鉉緯大師指尖輕叩杯沿:“那個小朋友還跟著你?”
江寂衍垂眸抿了口茶,喉間輕應一聲:“嗯。”
大師不再多問,只意味深長地笑了笑,眼底藏著幾分看破不說破的通透,江先生從來沒有深夜拜訪過。
江寂衍一手搭在膝上,另一隻手隨意擱在桌面慢悠悠撚著一串沈香佛珠,他腕骨線條利落分明,皮肉之下筋絡隱現,發力時手腕微微繃緊,淡青色的青筋順著小臂蜿蜒凸起,不顯得粗野反倒透著一股沈斂剋制的力道。
佛珠在他指間緩慢轉動,思緒便在這撚動中飄回兩年前的齋日。
那日,馨蓮禪寺香火清淨,他正立於佛前上香,指尖剛觸到香灰,身後便傳來一道清亮又帶著幾分侷促的聲音,脆生生說了句: “謝謝江先生”。
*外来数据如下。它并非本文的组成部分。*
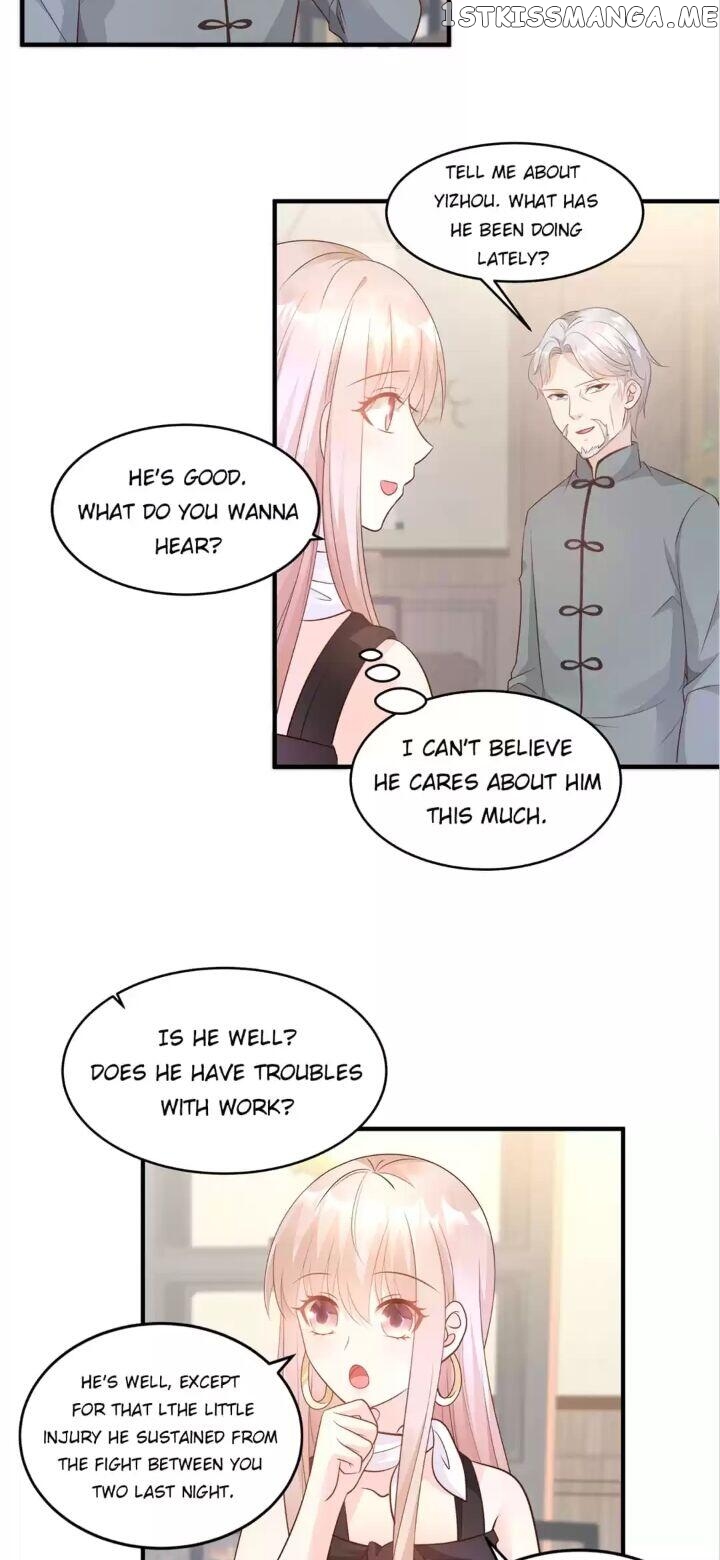 A Chance To Cherish chapter 76 - page 16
江寂衍回身,只一眼便留意到這人生得極有姿色,眉眼俊俏又氣宇鮮活,在一眾香客裡格外扎眼。
但他當時只覺有些可笑,自己從不是什麼樂善好施之輩,更不曾對這人有過半分援手,平白一句謝倒像是刻意攀附的由頭,他淡淡一句敷衍打發,便轉回頭繼續上香,沒再放在心上。
禮畢後與鉉緯大師一起用齋,飯間,大師忽然開口:“今日有位小朋友專程來此為外婆祈福,心性純良,我觀其面相與你命盤隱隱相契,便冒昧問他生辰八字,果然與你命格相生相旺,是你一直在託我尋找的人。”
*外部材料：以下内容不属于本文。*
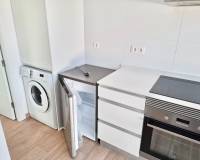 Перепродажа - Смежный дом - Gran alacant - Monte y Mar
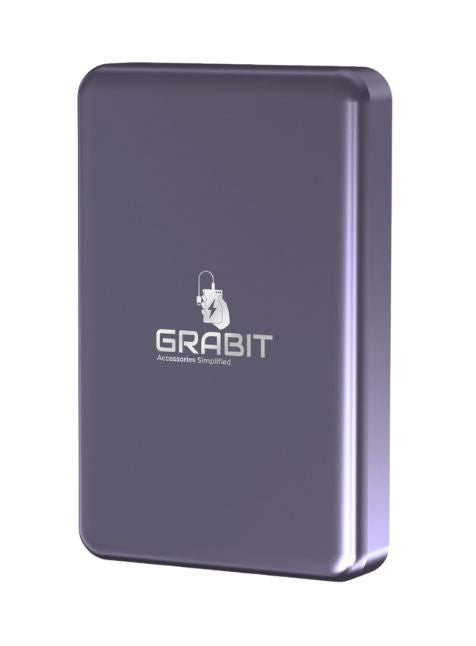 GRABIT GMAG-100P MAGNAT PWR 10K mAh PPL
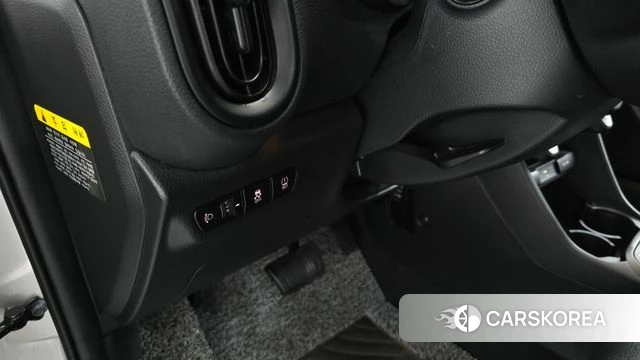 Kia Morning Urban (JA) id 4753510 из Кореи 11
後來,林政向他說起那日晚上在吾瀾會所這人被圍堵一事,他才對上號。
也正是從那一日起,他在愛丁堡一處極具歷史價值的老城區地塊的談判非常順利,原本僵持數月的產權方終於鬆口,順利拿下那塊對江氏產業佈局至關重要的史丹利公館舊址,那片地承載著近代商貿交流史料,不僅有很高的文化價值,更能為江氏打通海外文旅與資本的渠道。
江寂衍本就信命數,自此開始留意阮翊。
貧民窟出身,元朗水尾村長大,家境窘迫急需用錢,他刻意在阮翊出現的地方不動聲色等他上門靠近。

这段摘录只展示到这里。